Leaving out each picture, transcribe the lines of the listing below exactly from the first through the line that contains "Red girl shoe icon.".
[DATA FOR PROCESSING]
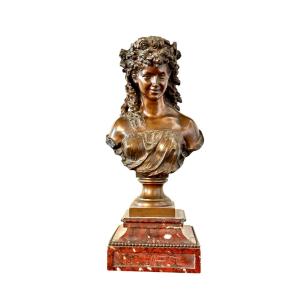 Buste en Bronze du XIXe siècle par Mathurin Moreau sur Socle en Marbre Griotte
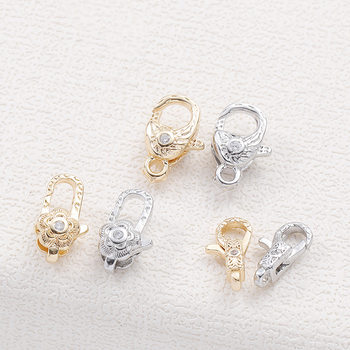 Zhongxing's New Lobster Clasp Pattern Spring Buckle Color-Preserving Gold Universal Buckle Bracelet Necklace Connection Buckle Finishing Buckle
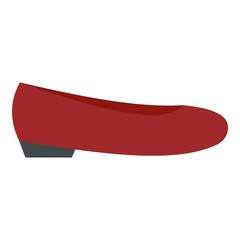 Red girl shoe icon. Flat illustration of red girl shoe vector icon for web design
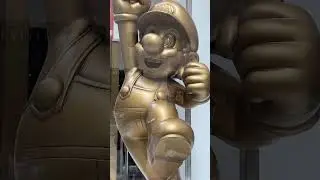 Super Mario Giant Gold Statue in NYC Nintendo Store #shorts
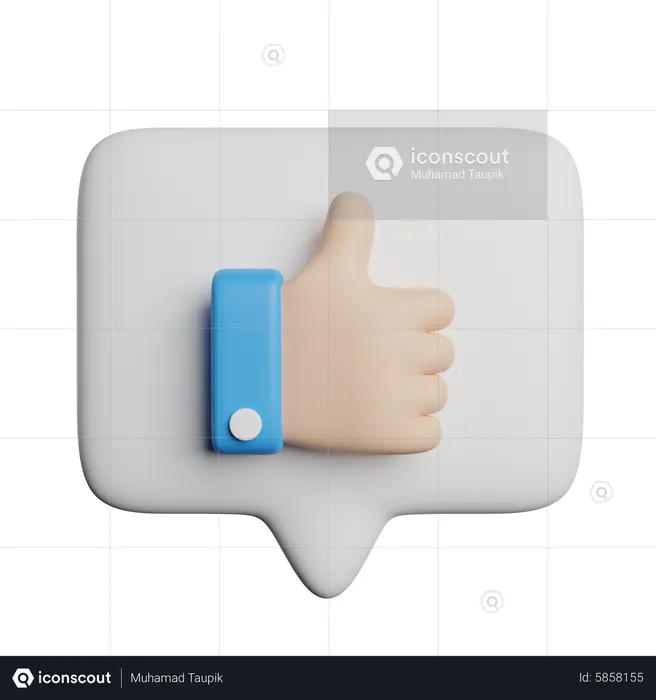 Thumbs Up Message  3D Icon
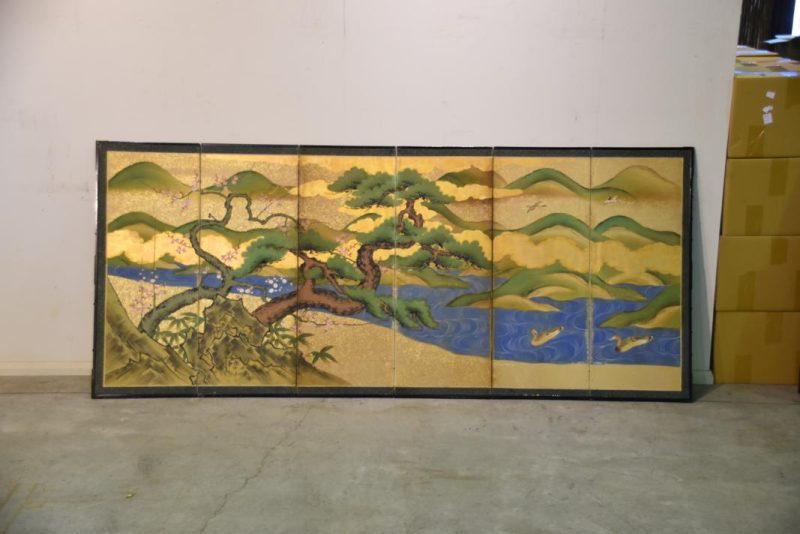 Japanese Plum, Pine and Bamboo Screen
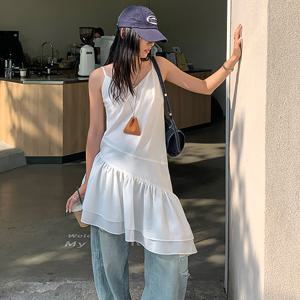 네모엔룩 언밸런스컷 여성용 러플 뷔스티에 레이어드 서스펜더룩 프릴 나일론 민소매 끈나시 미니 원피스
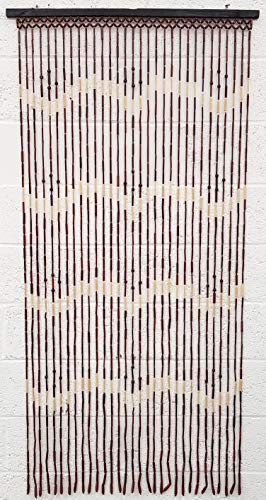 Multi Bargains JVL Wooden Bamboo Beaded Fly Screen Door Curtain 90 x180cm (Design 1)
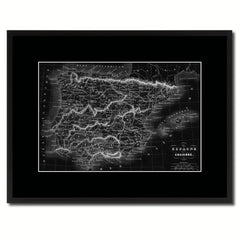 Spain Portugal Vintage Monochrome Map Canvas Print, Gifts Picture Frames Home Decor Wall Art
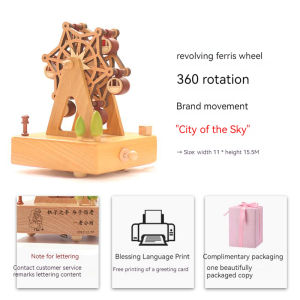 LOVE FOR YOU Bluetooth Wooden Music Box Toys Ferris Wheel Wishing Tree Mountain Tunnel Mobile Magnetic Train Music Box Electric 62 Song Music Box
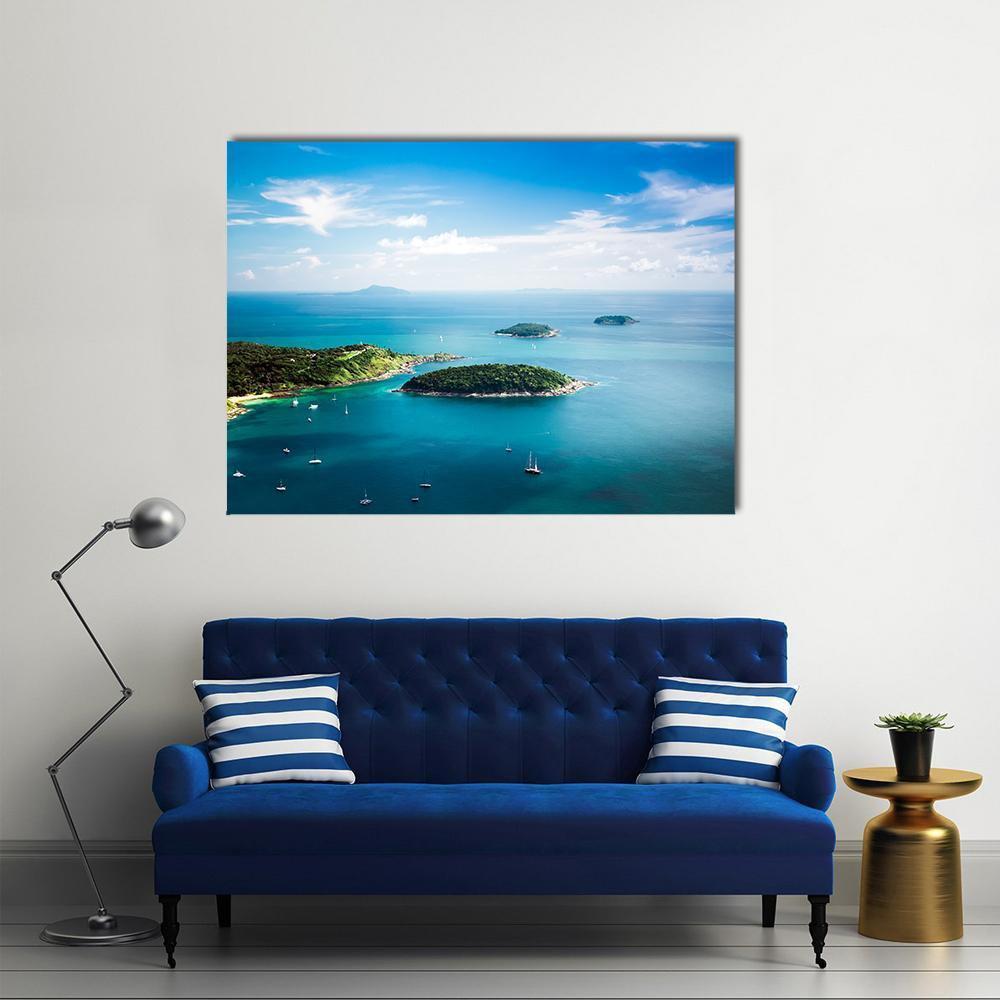 Koh Kaeo Island Aerial Seascape Canvas Wall Art in white, green and blue, single panel hung on a wall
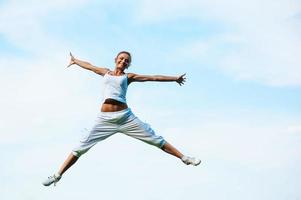 woman engaged in fitness photo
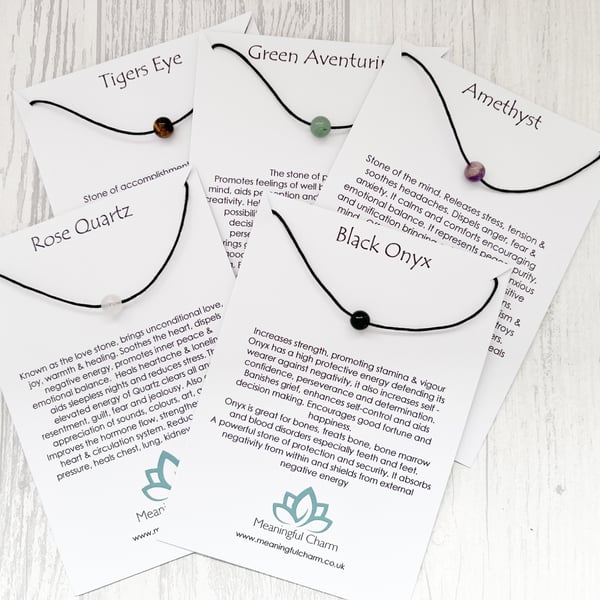 Crystal Cord Necklace, Gemstone Choker, Summer, Beach, Boho Jewellery, Witchy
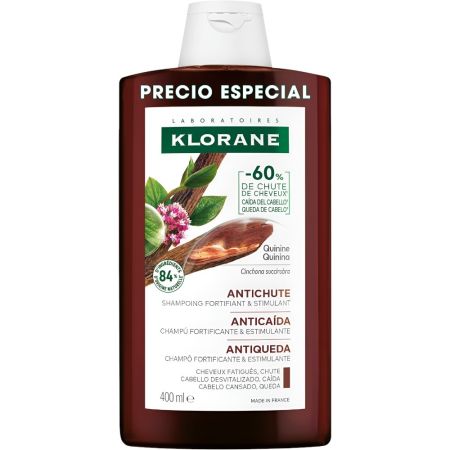 Klorane Anticaída Champú Fortificante & Estimulante Champú anticaída fortificante ayuda a estimular el crecimiento para cabello debilitado con extractos vegetales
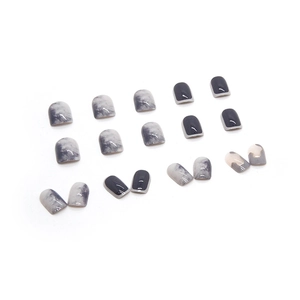 Glacier blue gradient press-on nails with minimalist chic marble texture design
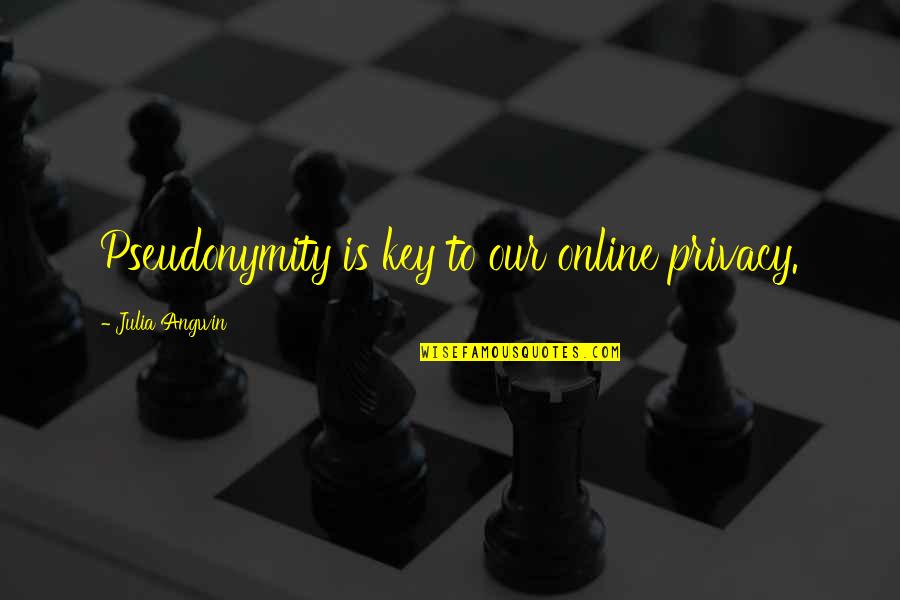 Fouler La Quotes By Julia Angwin: Pseudonymity is key to our online privacy.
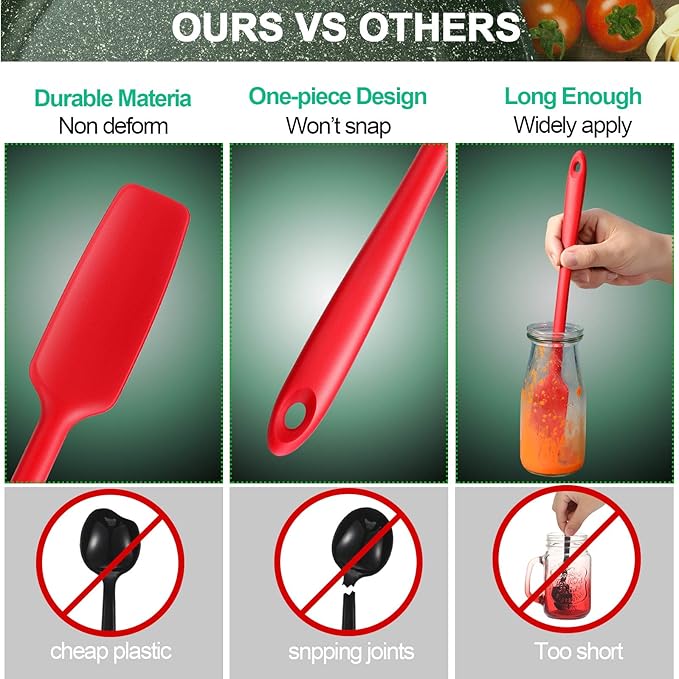 Long Handle Silicone Jar Spatula Kitchen Scraper Spatula Non-Stick Rubber Silicone Scraper for Jars, Smoothies, Blenders Cooking Baking Stirring Mixing(Red,2 Pieces)
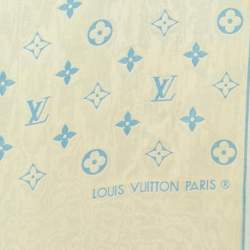 Pre Owned Louis Vuitton Blue & Yellow Monogram Jacquard Silk Scarf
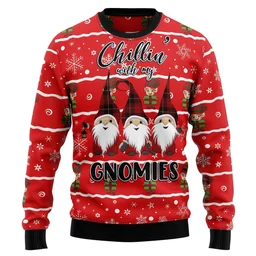 Chillin With My Gnomies Ugly Christmas Sweater Cute Christmas Outfits Gifts For Santa Lovers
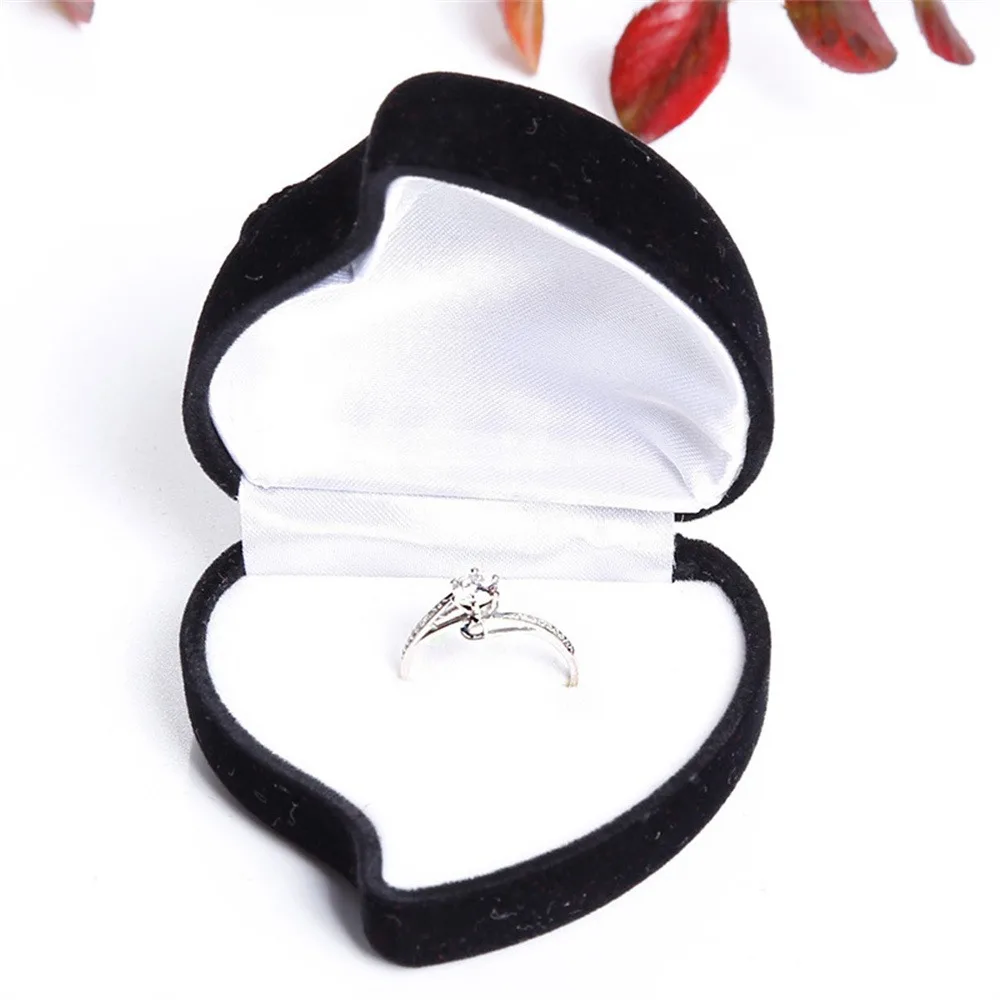 Ring Holder Velvet Heart Ring Box Earring Storage Rose Flower Jewelry Box Solid Color Three-dimensional Ring Display Case Spouse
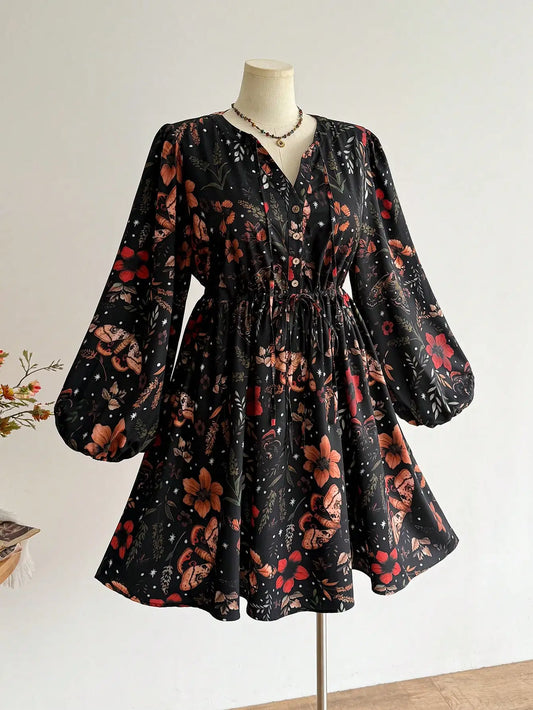 Sizes to 4XL Boho Floral & Moth Print V-Neck Tie-Waist Dress with Puff Sleeves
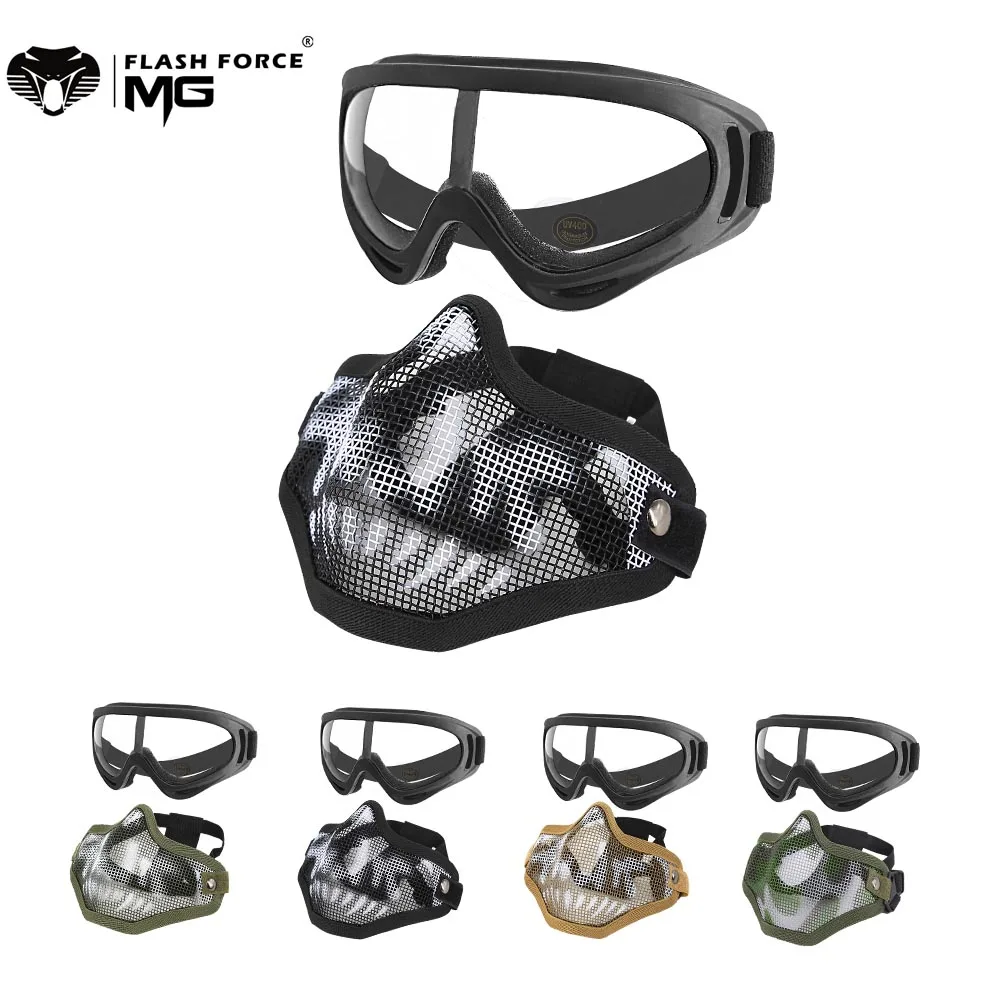 

MGFLASHFORCE Airsoft Mask Goggles Set Half Face Steel Mesh Mask Paintball Hunting Tactical Protective CS Halloween Party Cosplay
[/DATA FOR PROCESSING]
**EXERCISE ANSWER:**
 Buste en Bronze du XIXe siècle par Mathurin Moreau sur Socle en Marbre Griotte
 Zhongxing's New Lobster Clasp Pattern Spring Buckle Color-Preserving Gold Universal Buckle Bracelet Necklace Connection Buckle Finishing Buckle
 Red girl shoe icon. Flat illustration of red girl shoe vector icon for web design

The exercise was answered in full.